By Abigail Warren, Fall 2017 IAC Student Intern

FINRA issued a report alerting investors that the SEC adjusted crowdfunding rates.  Crowdfunding sparks interest in investors hoping for big returns, but beware, the risk is real.  The SEC warns investors of the high risk in investing in new start-up businesses through crowdfunding.  FINRA voices concerns on the liquidity risk, warning investors that the ability to resell in the first year is extremely limited.

What is crowdfunding?

Crowdfunding, originating in Silicon Valley, is a way for emerging start-up companies to raise capital through small investments from a large pool of investors.
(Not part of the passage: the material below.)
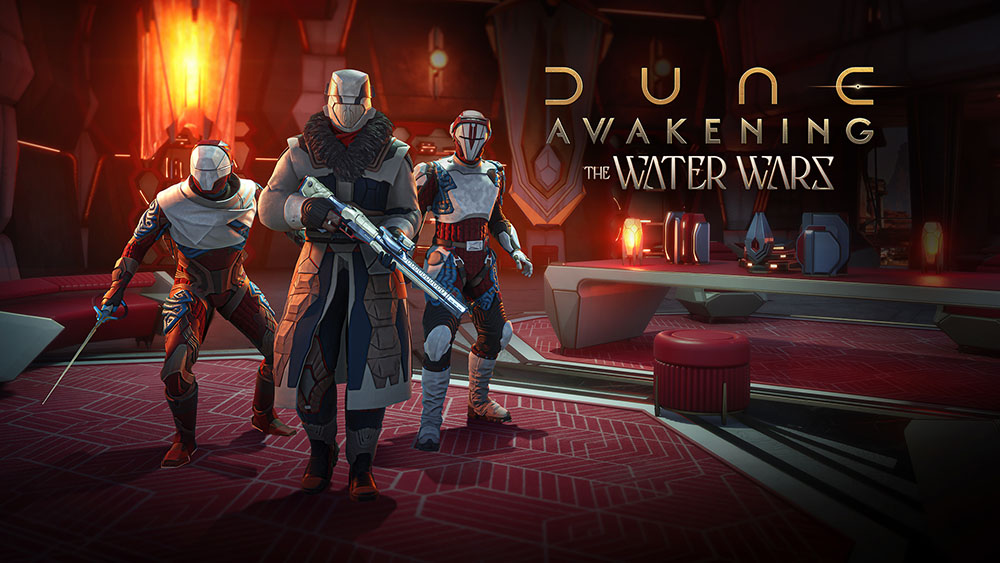 La actualización 1.4 de Dune: Awakening y el DLC The Water Wars ya están disponibles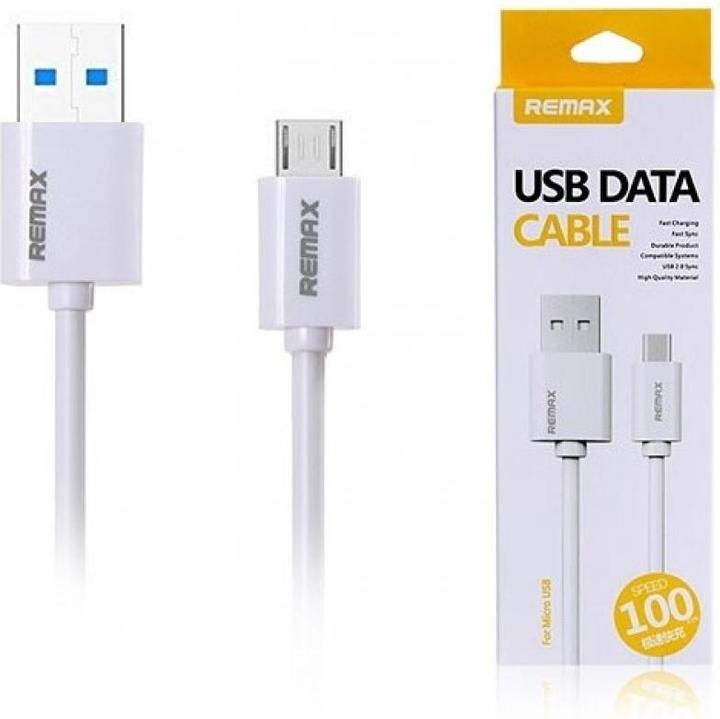 Actual product image Remax MicroUSB to USB charging cable (USB 1.0)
The JOBS Act of 2012 establishes provisions that allow start-up companies to sell securities and requires the SEC to implement and regulate these investments.  In 2015, the SEC adopted rules (Regulation Crowdfunding) that allow the public to participate in crowdfunding investments.   FINRA monitors the portals, overseeing registration (intermediaries offering and selling these securities must register with the SEC) and compliance with FINRA rules and federal securities laws.

Investment Limits

Due to the risky nature of crowdfunding, the SEC limits the amount you can invest within a twelve-month period.  The SEC adjusts these limits every five years for inflation, most recently this past May.  An individual’s net worth and/or annual income limits his or her investment.  Currently, per the SEC, if your annual income or net-worth is less than $107,000, you are limited to a $2,200 investment or five percent of your income or net-worth, whichever is less.  If your income and net-worth are over $107,000, you can invest up to ten percent of either, but your investment is limited to $107,000.

Calculating Net Worth

The SEC allows married individuals to use joint calculations in determining net worth, regardless whether it is held jointly or by one spouse, however the investment cannot exceed the individual limits.  And, you don’t count your primary residence when calculating your net-worth.  Check out the SEC for more information on net-worth and investment limitations.

Who can invest?

Anyone.  An individual can invest through a broker-dealer’s online platform or a funding portal.  These intermediaries should be FINRA members and registered with the SEC to sell these securities to the public.  Investors can check a broker-dealer’s and funding portal’s registration through FINRA. Companies offering securities through crowdfunding must disclose certain company information to potential investors and broker-dealers and funding portals are required to provide information to investors.  Check out FINRA for a list of required disclosures and tips on crowdfunding.